Address by Lars-Erik Wiberg for Sunday, August 27, 2000

Scripture: Ecclesiastes 3:16-22; James 2:14-20

Last July 30, from this very spot, you heard about how the Lord's Divine
Love and Wisdom is gentled for us as it is prepared by the Lord so that we
may receive it in the form of will and understanding and, even more gently,
feeling and thinking. To pick up the thread and quote from that message:
"What is increasingly wonderful is that the very same derivatives that
describe us can be used to describe the work we do. Our very jobs, or as
we Swedenborgians like to put it, our uses, are extensions of our selves,
and we can describe them as well . . . It is therefore of the Lord's
Divine Mercy that not only do we personally reflect his Divine Love and
Wisdom in our selves as individuals, but also in the occupations and
avocations and volunteer activities through which we make ourselves
useful." It is on the subject of making ourselves useful, at least about
certain aspects of that effort, that we do some exploring today.
If you have a good memory, you may recall that something was said from this
very spot a bit over two years ago in reference to bad examples,
specifically: ". . . We can often learn from bad examples because they show
us exactly what we should not do or should not be.
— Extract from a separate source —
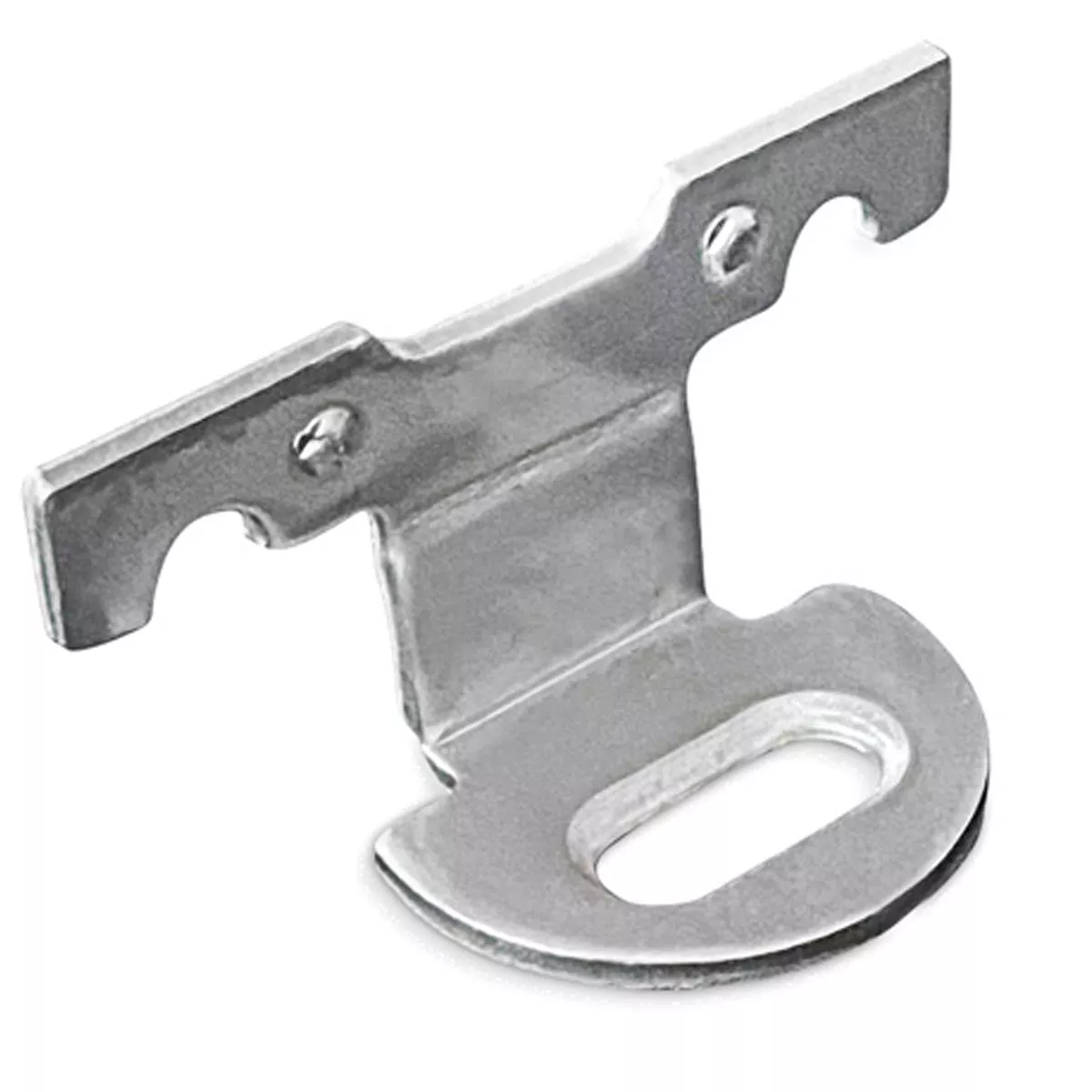 Protección antideslizante con clip final para carriles de aluminio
The challenge for us is
to tell whether the example is bad or not." For this purpose what we need
is an egregious example. Such is defined as being: "outstanding for
undesirable qualities; remarkably bad; flagrant," in other words so bad you
can't miss it. Thus if someone were to provide an egregious example in
which he made himself less than useful, we would then have a way to guide
ourselves. We could figure out what he did that was wrong and why and then
avoid the same mistakes. That we have an excellent example, and that it
is provided in a magically light-hearted way is a tribute to the genius of
A.A. Milne (the author of Winnie the Pooh), as he describes one of the characters from his seemingly bottomless reservoir of whimsy. I refer to:
The Old Sailor
There was once an old sailor my grandfather knew
Who had so many things which he wanted to do
That, whenever he thought it was time to begin,
He couldn't because of the state he was in.
He was shipwrecked, and lived on an island for weeks,
And he wanted a hat, and he wanted some breeks;
And he wanted some nets, or a line and some hooks
For turtles and things which you read of in books.
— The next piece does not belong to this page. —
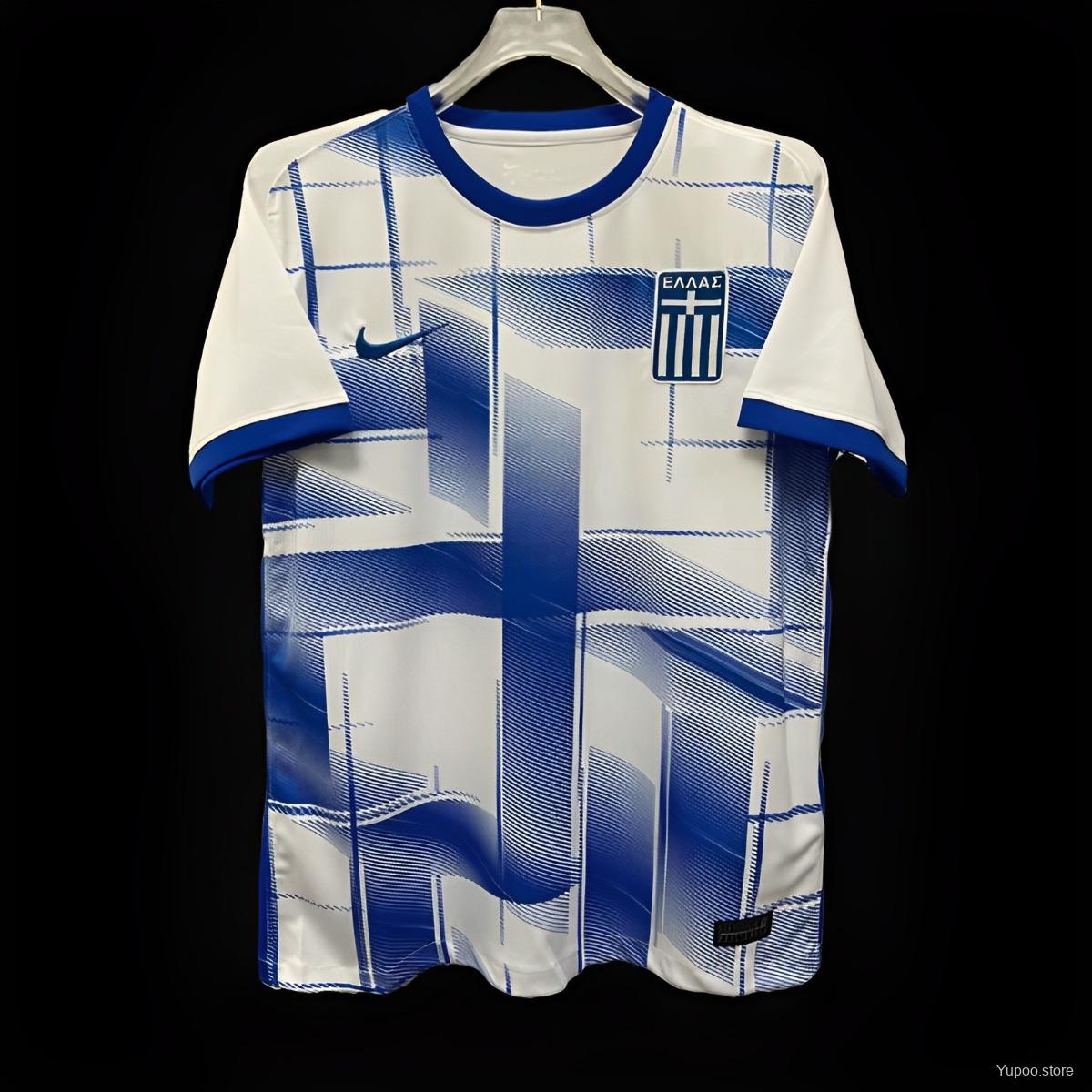 Maillot Grèce/Greece domicile 2023/24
And, thinking of this, he remembered a thing
Which he wanted (for water) and that was a spring;
And he thought that to talk to he'd look for, and keep
(If he found it) a goat, or some chickens and sheep.
Then, because of the weather, he wanted a hut
With a door (to come in by) which opened and shut
(With a jerk, which was useful if snakes were about),
And a very strong lock to keep savages out.
He began on the fish-hooks, and when he'd begun
He decided he couldn't because of the sun.
So he knew what he ought to begin with and that
Was to find, or to make, a large sun-stopping hat.
He was making the hat with some leaves from a tree,
When he thought, "I'm as hot as a body can be,
And I've nothing to take for my terrible thirst;
So I'll look for a spring, and I'll look for it first."
Then he thought as he started, "Oh, dear and oh, dear!
I'll be lonely tomorrow with nobody here!"
So he made in his note-book a couple of notes:
"I must first find some chickens" and "no I mean goats."
He had just seen a goat (which he knew by the shape)
When he thought, "But I must have a boat for escape.
But a boat means a sail, which means needles and thread;
So I'd better sit down and make needles instead."
He began on a needle, but thought as he worked,
That, if this was an island where savages lurked,
Sitting safe in his hut he'd have nothing to fear,
Whereas now they might suddenly breathe in his ear!
So he thought of his hut... and he thought of his boat,
And his hat and his breeks, and his chickens and goat,
And the hooks (for his food) and the spring (for his thirst)...
But he never could think which he ought to do first.
And so in the end he did nothing at all,
But basked on the shingle wrapped up in a shawl.
And I think it was dreadful the way he behaved -
He did nothing but basking until he was saved!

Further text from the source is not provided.